# Fireplace leaking



## mmcginn2 (Apr 19, 2006)

We have a wood-burning fireplace insert with vinyl siding covering the chimney above the roof. During a recent rainstorm, we heard water dripping (loudly) onto the metal box inside the fireplace box (but not into the actual fireplace). A few minutes later, water started running in streams over the top of the fireplace, between the sheetrock and the actual fireplace. We had the installer come and take a look, but today it happened again, the first rain after it was repaired. I don't think it's the roof flashing b/c it's not running down the wall (no sheetrock damage), but I can't get a straight answer. Any ideas?


----------



## Oldman (Apr 18, 2006)

Not trying to be sarcastic, but are you sure it's not coming in through the top of the chimney? Maybe the weather cap is leaking. Also depening on where the chimney is in comparison with the roof I'd look into a possible roof leak, after all I'v seen water travel over 20' before it falls due to water tension.


----------



## MJW (Feb 7, 2006)

Chances are it is the siding leaking.
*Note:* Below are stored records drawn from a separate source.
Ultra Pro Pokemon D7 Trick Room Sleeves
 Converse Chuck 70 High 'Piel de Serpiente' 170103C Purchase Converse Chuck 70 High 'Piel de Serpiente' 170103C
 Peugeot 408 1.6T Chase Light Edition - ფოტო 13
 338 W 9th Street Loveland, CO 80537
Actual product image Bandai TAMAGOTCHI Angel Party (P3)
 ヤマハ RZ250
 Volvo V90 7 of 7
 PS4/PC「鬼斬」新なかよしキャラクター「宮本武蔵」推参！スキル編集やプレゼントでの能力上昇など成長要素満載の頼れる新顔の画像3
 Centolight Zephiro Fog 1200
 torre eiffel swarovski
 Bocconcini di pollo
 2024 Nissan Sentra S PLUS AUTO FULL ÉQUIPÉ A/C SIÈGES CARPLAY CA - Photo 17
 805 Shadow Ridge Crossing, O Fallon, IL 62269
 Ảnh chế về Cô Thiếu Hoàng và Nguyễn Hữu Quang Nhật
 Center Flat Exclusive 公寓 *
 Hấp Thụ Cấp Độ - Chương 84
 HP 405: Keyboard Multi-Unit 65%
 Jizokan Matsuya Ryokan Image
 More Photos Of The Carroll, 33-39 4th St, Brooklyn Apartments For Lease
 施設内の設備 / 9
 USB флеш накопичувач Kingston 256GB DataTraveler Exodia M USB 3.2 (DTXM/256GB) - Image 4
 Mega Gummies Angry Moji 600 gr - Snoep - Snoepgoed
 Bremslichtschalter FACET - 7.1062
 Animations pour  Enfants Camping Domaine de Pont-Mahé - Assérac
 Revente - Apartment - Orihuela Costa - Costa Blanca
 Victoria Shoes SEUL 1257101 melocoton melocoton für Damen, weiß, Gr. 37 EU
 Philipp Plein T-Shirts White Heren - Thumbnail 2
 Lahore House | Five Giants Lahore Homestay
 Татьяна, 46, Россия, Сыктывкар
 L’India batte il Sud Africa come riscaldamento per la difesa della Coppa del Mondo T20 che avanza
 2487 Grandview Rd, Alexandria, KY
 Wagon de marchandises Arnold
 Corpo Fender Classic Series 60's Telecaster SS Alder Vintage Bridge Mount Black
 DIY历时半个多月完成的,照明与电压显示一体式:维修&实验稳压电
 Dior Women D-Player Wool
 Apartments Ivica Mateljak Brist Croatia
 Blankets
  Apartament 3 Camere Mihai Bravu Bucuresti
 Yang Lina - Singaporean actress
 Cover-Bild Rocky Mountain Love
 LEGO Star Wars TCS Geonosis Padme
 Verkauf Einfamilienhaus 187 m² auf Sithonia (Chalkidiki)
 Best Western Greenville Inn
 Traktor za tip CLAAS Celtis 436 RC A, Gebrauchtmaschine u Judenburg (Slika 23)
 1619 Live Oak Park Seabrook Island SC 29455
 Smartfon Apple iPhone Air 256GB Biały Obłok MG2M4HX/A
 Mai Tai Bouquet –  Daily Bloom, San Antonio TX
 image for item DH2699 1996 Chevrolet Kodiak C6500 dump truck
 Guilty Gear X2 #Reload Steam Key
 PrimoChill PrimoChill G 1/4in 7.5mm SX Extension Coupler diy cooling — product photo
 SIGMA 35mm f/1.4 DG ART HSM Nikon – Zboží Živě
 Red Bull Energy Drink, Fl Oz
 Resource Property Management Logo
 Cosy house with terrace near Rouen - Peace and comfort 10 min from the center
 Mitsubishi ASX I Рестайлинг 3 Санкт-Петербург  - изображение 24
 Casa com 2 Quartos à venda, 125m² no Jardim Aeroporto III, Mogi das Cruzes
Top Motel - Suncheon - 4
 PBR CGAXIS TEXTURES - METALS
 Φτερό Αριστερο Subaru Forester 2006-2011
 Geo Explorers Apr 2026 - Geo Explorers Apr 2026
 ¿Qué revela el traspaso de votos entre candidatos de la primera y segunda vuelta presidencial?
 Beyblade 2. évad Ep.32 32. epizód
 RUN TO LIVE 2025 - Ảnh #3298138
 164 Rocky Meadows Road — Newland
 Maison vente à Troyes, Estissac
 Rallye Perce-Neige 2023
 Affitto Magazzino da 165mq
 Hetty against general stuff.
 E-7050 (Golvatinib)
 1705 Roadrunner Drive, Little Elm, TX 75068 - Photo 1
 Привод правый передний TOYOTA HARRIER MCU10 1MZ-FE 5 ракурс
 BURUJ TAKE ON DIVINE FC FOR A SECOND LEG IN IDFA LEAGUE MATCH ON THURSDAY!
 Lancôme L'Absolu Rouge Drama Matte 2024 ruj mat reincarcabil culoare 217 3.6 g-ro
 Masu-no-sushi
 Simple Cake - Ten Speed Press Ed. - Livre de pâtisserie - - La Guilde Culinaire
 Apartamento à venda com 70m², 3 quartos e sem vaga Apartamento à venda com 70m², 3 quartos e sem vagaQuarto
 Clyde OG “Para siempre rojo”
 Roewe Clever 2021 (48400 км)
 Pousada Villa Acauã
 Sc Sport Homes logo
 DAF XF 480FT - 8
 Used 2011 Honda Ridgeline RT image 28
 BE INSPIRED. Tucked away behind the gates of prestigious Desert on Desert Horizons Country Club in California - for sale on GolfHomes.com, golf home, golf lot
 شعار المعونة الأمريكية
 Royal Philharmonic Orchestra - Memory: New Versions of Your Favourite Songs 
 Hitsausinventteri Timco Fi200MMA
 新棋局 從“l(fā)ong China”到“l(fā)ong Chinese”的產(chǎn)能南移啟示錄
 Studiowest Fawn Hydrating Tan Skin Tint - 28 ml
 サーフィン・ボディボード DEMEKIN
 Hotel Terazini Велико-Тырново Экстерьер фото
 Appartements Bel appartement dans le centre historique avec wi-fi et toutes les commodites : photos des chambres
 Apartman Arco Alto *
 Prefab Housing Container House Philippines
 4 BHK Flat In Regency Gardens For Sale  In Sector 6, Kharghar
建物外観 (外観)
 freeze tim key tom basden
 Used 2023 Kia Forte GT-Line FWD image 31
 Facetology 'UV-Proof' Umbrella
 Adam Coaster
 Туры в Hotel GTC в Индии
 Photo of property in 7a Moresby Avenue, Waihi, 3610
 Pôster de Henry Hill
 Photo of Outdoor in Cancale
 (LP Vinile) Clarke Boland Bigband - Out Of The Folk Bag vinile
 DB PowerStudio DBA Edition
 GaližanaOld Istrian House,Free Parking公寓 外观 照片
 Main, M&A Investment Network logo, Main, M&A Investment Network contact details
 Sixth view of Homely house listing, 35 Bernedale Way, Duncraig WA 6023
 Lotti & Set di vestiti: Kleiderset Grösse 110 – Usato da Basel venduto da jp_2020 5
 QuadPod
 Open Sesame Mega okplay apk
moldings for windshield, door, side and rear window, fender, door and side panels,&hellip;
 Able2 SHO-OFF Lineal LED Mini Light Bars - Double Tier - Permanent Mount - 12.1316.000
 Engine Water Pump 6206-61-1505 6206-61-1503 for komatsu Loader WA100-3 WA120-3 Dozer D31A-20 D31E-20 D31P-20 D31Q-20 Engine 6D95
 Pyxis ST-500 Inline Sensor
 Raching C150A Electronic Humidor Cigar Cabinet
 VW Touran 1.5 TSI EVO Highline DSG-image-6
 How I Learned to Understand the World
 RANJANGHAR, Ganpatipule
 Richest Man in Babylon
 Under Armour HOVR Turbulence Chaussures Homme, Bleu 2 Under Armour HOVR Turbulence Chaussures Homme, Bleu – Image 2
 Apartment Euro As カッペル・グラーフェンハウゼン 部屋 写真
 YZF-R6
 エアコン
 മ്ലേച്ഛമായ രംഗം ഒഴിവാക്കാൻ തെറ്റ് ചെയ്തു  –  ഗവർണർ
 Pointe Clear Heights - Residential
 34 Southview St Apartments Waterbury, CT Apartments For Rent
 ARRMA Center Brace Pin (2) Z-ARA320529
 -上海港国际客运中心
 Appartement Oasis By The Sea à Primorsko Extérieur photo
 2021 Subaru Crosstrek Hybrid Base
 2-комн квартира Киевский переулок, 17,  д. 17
Was it wind driven rain? Is there any protection behind the siding? Vinyl siding leaks rather easily. This is why there is house wrap.


----------



## Oldman (Apr 18, 2006)

True, so true, think its driving in between the corner post and siding perhaps? House wrap aught to be behind it and made to come over top of chimney flashing. Check it out mmcginn2, MJW may be on to something


----------



## AaronB (Jan 29, 2005)

Can you post a pic?


----------